Spells for Forgetting(24)
I closed the file and set it on the stack to leave behind and pulled my glasses off, rubbing my eyes. I hadn’t seen a copy of the deed for the cottage, and I hadn’t been able to find one at my mom’s house in Prosper, either. If I was going to sell the property and cut the last of our ties to this place, I’d need it.
My ties, I corrected myself. For so long it had been the two of us. Now it was just me.
The sound of a heavy knock at the front door echoed through the house as I reached for the next file and I froze, staring at the open window. I hadn’t heard a car pull in, and the moment I thought it, a sinking feeling pulled behind my ribs.
When the knock sounded again, louder, I got to my feet and came down the hallway with hesitant steps. Behind the curtain, the stark outline of a tall shadow moved on the glass.
Not her. Too tall to be her, I thought. The tight knot in my lungs loosened just enough to let me breathe.
The old wooden floorboards creaked as I crossed the living room and peered over the curtain’s railing. Behind it, Noah Blackwood stood with his hands stuffed into his pockets, looking out at the road. I took a quick step back, raking my hair to one side as my eyes jumped over the room.
“Shit,” I muttered, reaching for the knob.
The door opened, letting the light flood in, and Noah turned to look at me. I winced when I saw it—the scars—and that sinking feeling in my gut grew heavier. They covered almost the entire side of his face, disappearing into the collar of his buttoned shirt. But that wasn’t the only way he’d changed. The man I remembered as Emery’s father had been ruggedly handsome, young with dark hair and a muscled frame. This Noah was almost all gray now, with deep wrinkles lining the sides of his face that still looked like him.
“Mr. Blackwood.” I swallowed, trying not to stare at the rippled pink skin that striped his cheek.
He took his hat from his head, holding it before him. “August.” His voice rasped as he said my name, but his eyes still held that steady kindness they’d always had. It was one of the reasons I’d always wanted his approval and also the reason he and his brother Jake couldn’t be more different.
I stood up straighter without meaning to, adjusting my shirt nervously. “Do you want to come in?”
He nodded, smiling, but one side of his mouth didn’t lift. “Sure. Thanks.”
I moved back and he looked around the house with a curious expression as he stepped inside. Like he was remembering all the times he’d been here before. Dinners around our table. Nights in front of the fire. I remembered them, too, though I tried not to. Things were easier when I thought about the past as the time of my life that began in Prosper.
“Heard you were back,” he said, looking me over. “Thought I should stop by.”
“It’s good to see you, Mr. Blackwood.” I hated that I sounded like I was sixteen.
“Been a long time.” When his eyes settled on mine, they held something else in them. A question, maybe. “I know it’s not pretty but it stopped hurting a long time ago.” He lifted a hand toward his face.
I swallowed, realizing he’d caught me staring. “Sorry.”

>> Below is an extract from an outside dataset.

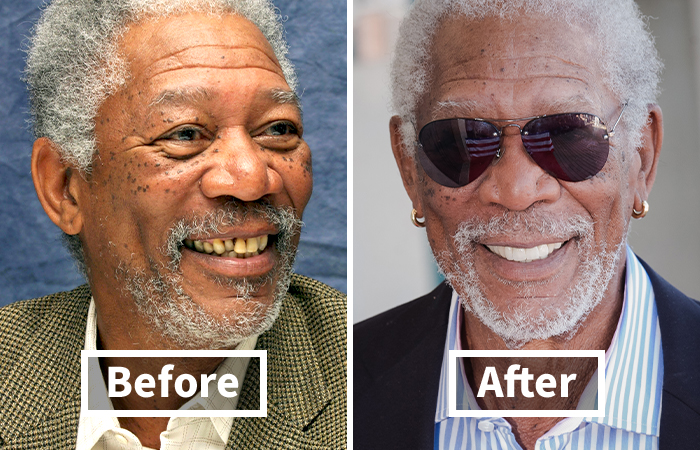 Veneers Before And After: Photos Of 15 Celebrities With The Most Dramatic Smile Makeover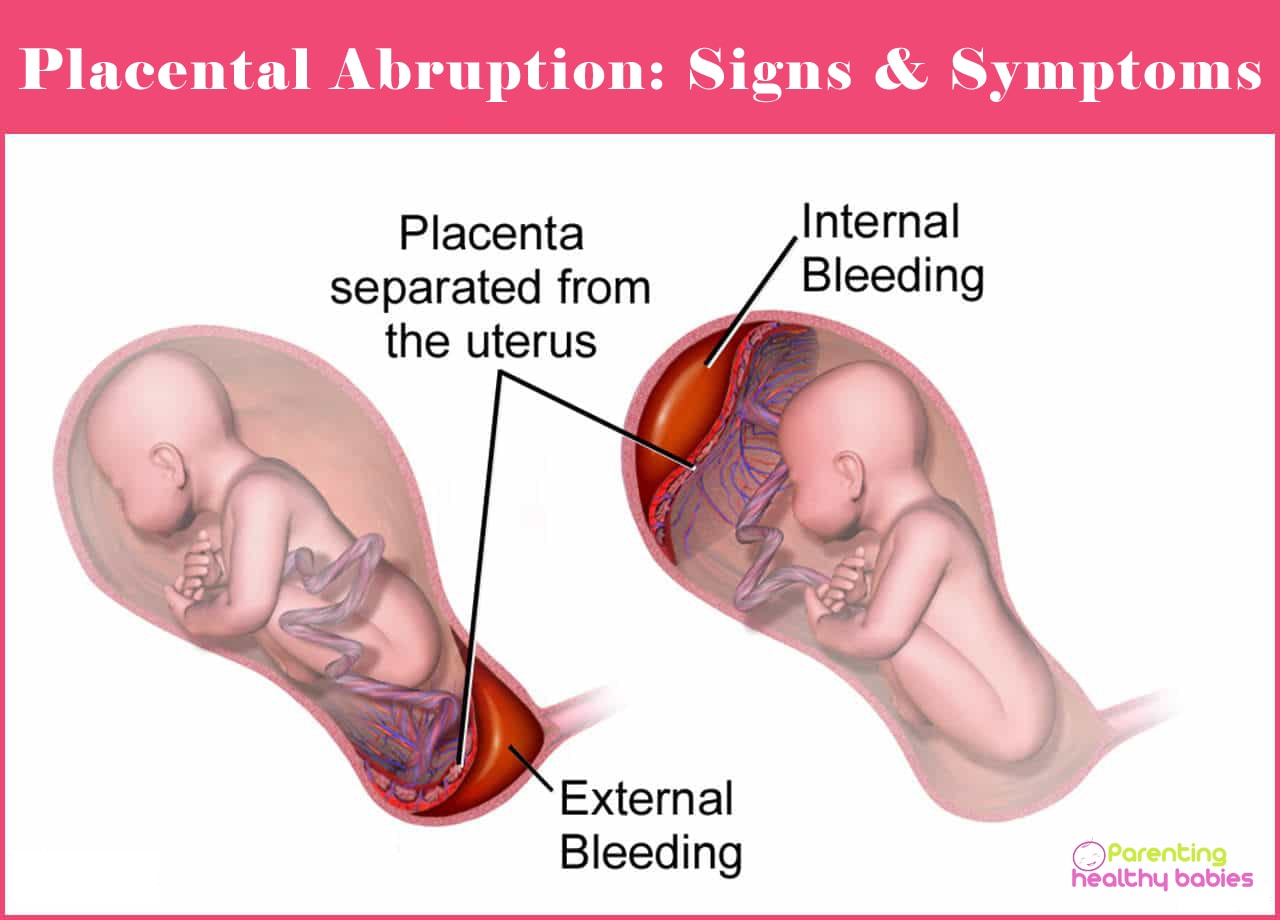 placental abruption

“It’s all right.” He took two steps to the fireplace, reaching up to wipe the dust from the top of a book that sat there. “What are you up to these days, son?”

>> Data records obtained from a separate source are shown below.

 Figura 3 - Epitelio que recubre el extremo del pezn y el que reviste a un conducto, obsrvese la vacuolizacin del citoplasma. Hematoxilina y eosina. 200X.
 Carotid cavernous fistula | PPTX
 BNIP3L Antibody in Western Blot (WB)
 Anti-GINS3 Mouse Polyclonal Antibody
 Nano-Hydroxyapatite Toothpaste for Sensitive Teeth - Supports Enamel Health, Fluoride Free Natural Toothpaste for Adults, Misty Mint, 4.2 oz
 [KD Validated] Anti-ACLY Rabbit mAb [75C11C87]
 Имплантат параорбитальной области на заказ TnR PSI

I sat back on the stool in front of the counter, grateful for the change in subject. He’d always done that—let me off the hook. And I could do small talk. That was about all I could do. But the sound of him calling me son made me wince.
“Teaching, actually.”
“Teaching,” he repeated, as if he was trying to imagine it.
“At a small private college in Portland. The history department.”
“Guess I can see that.” His gaze trailed over the mantel again until it landed on the framed photograph there. He picked it up, studying the picture enclosed behind the glass. It was of my mother and Hannah, his wife. They stood side by side on the beach, a baby set on each of their hips. Me and Emery.
He stiffened a little, setting it back down. “We lost her a few years ago. Don’t know if you heard.”
My brow pulled. “What?”
“More than a few years ago now, I guess,” he said. “Cancer.”
“I’m sorry…” I cleared my throat. “I didn’t know.”
A flash of heat traced over my skin, making me feel sick. I’d lost my mother, but it had happened in the outside world. Something about this place had seemed to be untouched by time. Hannah dying was like a crack in that glass. And my mind immediately went to Emery.
“Seems right that they should be buried out there together, don’t you think?” he said.
I half smiled, but the tenor of my voice shifted. “Yeah. It does.”
When I looked up again, Noah was fidgeting with the brim of his hat in a way that set me on edge. “We always thought of Eloise as family. Both of you,” he said, as if he was thinking the same thing.
“I know, Mr.—”
“We thought of you like a son, August.” He stopped me, saying that word again. “I think you know that.”
“I do.”
I found my mother’s face in the photograph. She, Hannah, and Nixie had been much more like sisters than friends. They were the only ones who didn’t turn their backs on me after Lily. And that knowledge had turned my guts more times than I could count.